(a.1) Daily number of initial devices from factory is as with a/c production [ (active devices + random(30))/30]. If this number is 0, or there are any damaged devices present, then no R&D will result this turn from this factory. [This agrees with the manual ]
(a.2) A factory will then produce a random R&D between 1 and the number of devices from step (a.1) ie 1 device = 1, 2 devices = 1,2, 3 devices =1,2,3, 4 devices = 1,2,3,4 10 devices = 1,2,3,4,5,6,7,8,9,10 etc.
(b) The random R&D is then divided by 10. Any random R&D of less than 10 will be '0', otherwise it will be the ten's component of the random R&D.
(c) If there are no damaged devices in factory (this is a given as there must be NO damaged ones present), add '1' to the number from (b).
(d) If the number from (c) exceeds 3, it is capped at '3'.
My bad. I have written without brackets, and everyone believed
In step b it divides the result in a2 by 10. So it makes absoulutly NO difference of a 1 or a 2 result in either a1 or a2 as this step will ALWAYS give a 0 result. This will be the course of any game I am familar with. I have not seen anyone be able to get over 270 fully repaired R&D factories. Remember, this code works on a factory by factory basis. So a SINGLE R&D factory would have to 270 or larger. This is beyond absurd.
Yeah, procedure seems to be complete waste of time, because every factory between 30, and 270 will produce ALWAYS 1 point per day.

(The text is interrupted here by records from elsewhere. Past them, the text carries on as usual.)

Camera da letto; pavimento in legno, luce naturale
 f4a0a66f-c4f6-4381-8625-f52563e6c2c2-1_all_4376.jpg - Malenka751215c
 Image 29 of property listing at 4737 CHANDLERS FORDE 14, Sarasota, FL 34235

Since this is not board game, I would prefer for EVERY extra point to be better. So I would propose change whole procedure to this:
(a.2) random R&D is chosen between 0, and current factory_size+production from (a.1), so:
(b) divide (a.2) by 30, and round this down
That way, factory of size 30, will behave, as previously. Factory of size 60, will research by around 50% faster, and factory of size 90, will research 2 times as fast, as size 30. Afterward it will be better, but with dimnishing returns, as maximum number will be capped at 3.